A geospatial approach to assessing soil erosion in a watershed by integrating socio-economic determinants and the RUSLE model
Bhandari, KP and Aryal, J and Darnsawasdi, R, A geospatial approach to assessing soil erosion in a watershed by integrating socio-economic determinants and the RUSLE model, Natural Hazards, 75, (1) pp. 321-342. ISSN 0921-030X (2015) [Refereed Article]

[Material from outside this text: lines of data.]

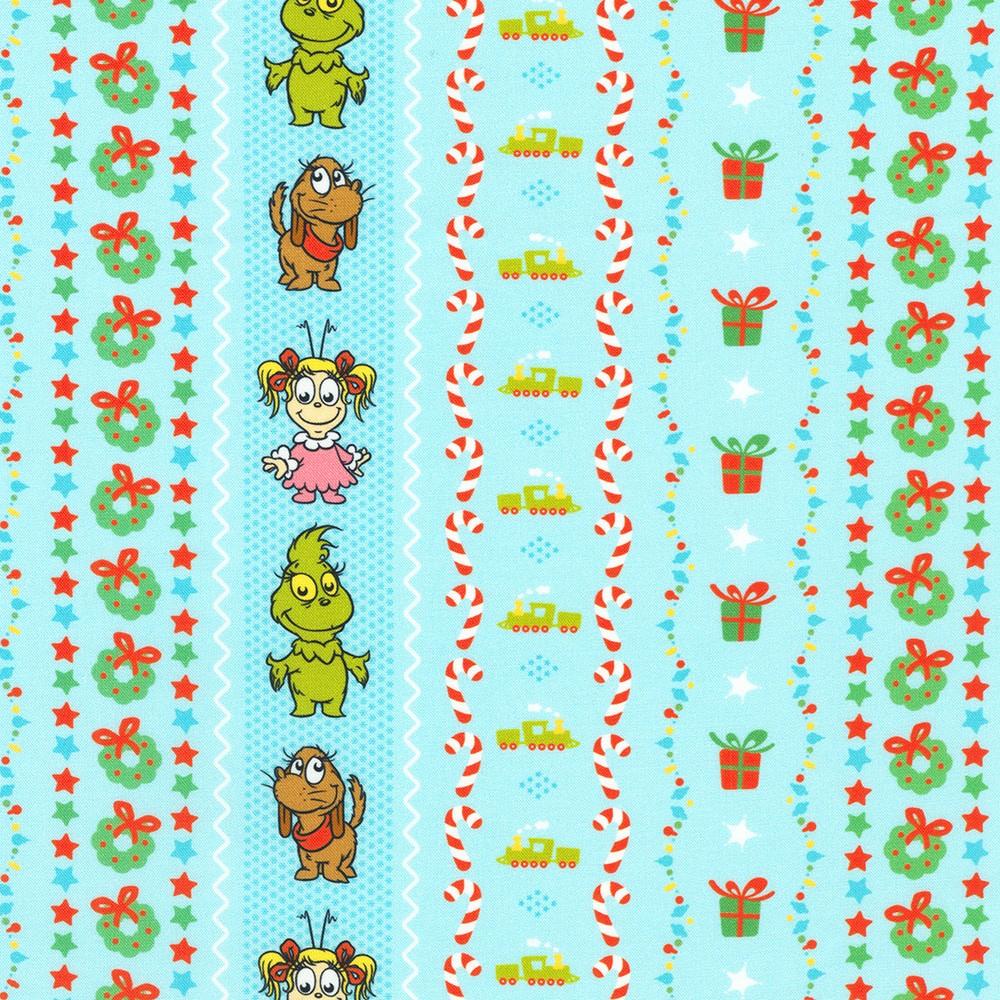 robert kaufman fabrics ADED-23873-4 BLUE by Dr. Seuss Enterprises from Little Grinch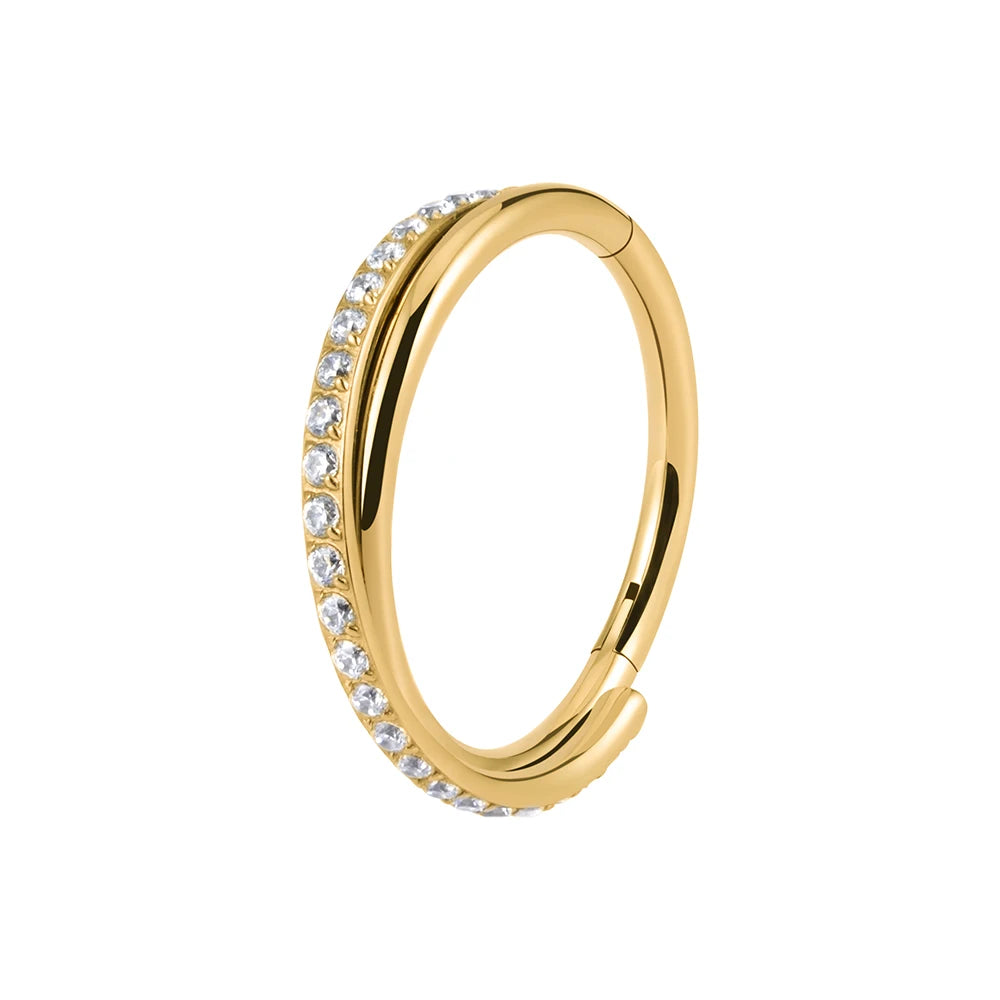 Right Grand Implant Grade Titanium Hinged Seamless Earrings Clicker Hoop Ring for Cartilage Helix Rook Septum Daith Tragus Conch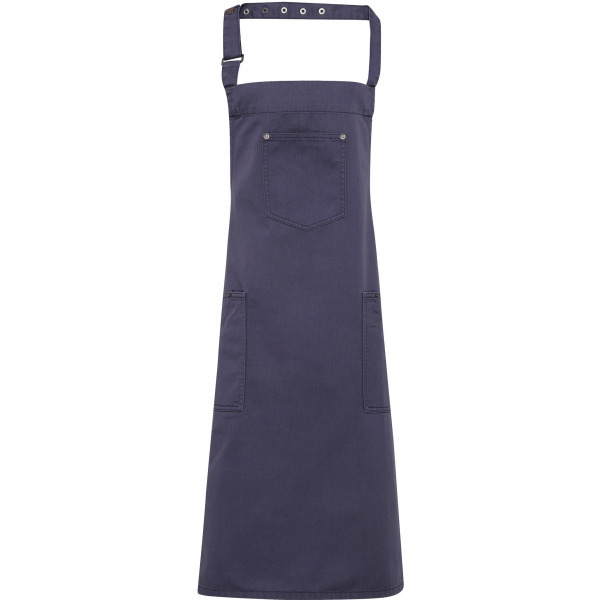 Chino - Cotton bib apron Steel One Size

The amount, degree of severity, and risk of soil erosion in managed landscapes mainly depend on human activities such as vegetation removal, grazing, urbanisation, poor agricultural management, and planned burning. However, the underlying mechanisms that ultimately drive the activities causing soil erosion for a particular location are less obvious. We address this issue by integrating stakeholder perceptions of socio-economic determinants of soil erosion and the revised universal soil loss equation (RUSLE) for the Phewa watershed, Pokhara, Nepal. A RUSLE model was applied to estimate the soil erosion status of the watershed based on socioeconomic-topographical factors. The output of the model indicated that the current annual rate of soil erosion in the Phewa watershed varies from 0 to 206.8 t ha−1 year−1, with a mean annual soil loss rate of 14.7 t ha−1 year−1. We used a structured questionnaire to collect socio-economic variables related to soil erosion in the watershed. Bivariate correlation and stepwise multiple regression analyses revealed ten socio-economic variables that were predictors of soil erosion. The analysis generated five predictive models: the first (R2 = 0.65), second (R2 = 0.71), third (R2 = 0.79), and fourth model (R2 = 0.85) significantly (p < 0.01) explained the variability of soil erosion rate across the watershed, while the fifth (full) model significantly (p < 0.01) explained 89% of the variability of soil erosion rate (R2 = 0.89). Our study identified socio-economic variables such as household size, farm labour availability, level of education, conservation cost, training, membership of organisation committees, distance, farm size, migration, and farm income as predictor variables of soil erosion.